_ABOUT THIS TASK_
From the material below, pull each line containing the string "avec".

_DATA_
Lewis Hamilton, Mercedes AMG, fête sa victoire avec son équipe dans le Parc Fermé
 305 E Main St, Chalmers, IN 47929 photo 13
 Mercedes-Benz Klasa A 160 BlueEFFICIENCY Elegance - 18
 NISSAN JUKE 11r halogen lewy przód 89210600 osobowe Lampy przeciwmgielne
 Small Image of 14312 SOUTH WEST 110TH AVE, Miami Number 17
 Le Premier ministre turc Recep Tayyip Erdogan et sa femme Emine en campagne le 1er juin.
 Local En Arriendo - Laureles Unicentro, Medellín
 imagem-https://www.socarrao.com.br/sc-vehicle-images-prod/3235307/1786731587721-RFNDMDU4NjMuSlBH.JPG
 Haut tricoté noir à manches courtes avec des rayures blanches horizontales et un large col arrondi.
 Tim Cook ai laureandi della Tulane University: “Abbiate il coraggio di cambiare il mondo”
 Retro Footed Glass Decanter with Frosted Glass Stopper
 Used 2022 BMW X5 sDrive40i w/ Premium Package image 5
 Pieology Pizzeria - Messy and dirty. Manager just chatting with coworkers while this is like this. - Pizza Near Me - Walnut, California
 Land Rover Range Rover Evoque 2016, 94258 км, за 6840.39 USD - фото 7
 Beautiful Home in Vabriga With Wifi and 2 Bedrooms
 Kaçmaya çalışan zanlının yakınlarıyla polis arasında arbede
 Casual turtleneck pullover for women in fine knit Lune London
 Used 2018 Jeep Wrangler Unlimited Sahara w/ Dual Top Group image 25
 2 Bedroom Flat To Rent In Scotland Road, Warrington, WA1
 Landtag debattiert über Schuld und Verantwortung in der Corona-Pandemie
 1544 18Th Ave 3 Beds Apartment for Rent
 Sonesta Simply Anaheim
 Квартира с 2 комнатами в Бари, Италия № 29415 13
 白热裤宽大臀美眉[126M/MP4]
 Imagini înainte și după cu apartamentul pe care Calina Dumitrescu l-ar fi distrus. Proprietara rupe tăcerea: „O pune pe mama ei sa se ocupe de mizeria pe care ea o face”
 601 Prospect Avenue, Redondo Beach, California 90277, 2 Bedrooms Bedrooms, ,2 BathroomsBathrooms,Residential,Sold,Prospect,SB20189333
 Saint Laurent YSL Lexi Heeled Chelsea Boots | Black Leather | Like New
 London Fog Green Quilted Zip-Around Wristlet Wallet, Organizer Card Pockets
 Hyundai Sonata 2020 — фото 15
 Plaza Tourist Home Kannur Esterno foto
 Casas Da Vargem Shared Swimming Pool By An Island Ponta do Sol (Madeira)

_ANSWER AREA_
Lewis Hamilton, Mercedes AMG, fête sa victoire avec son équipe dans le Parc Fermé
 Haut tricoté noir à manches courtes avec des rayures blanches horizontales et un large col arrondi.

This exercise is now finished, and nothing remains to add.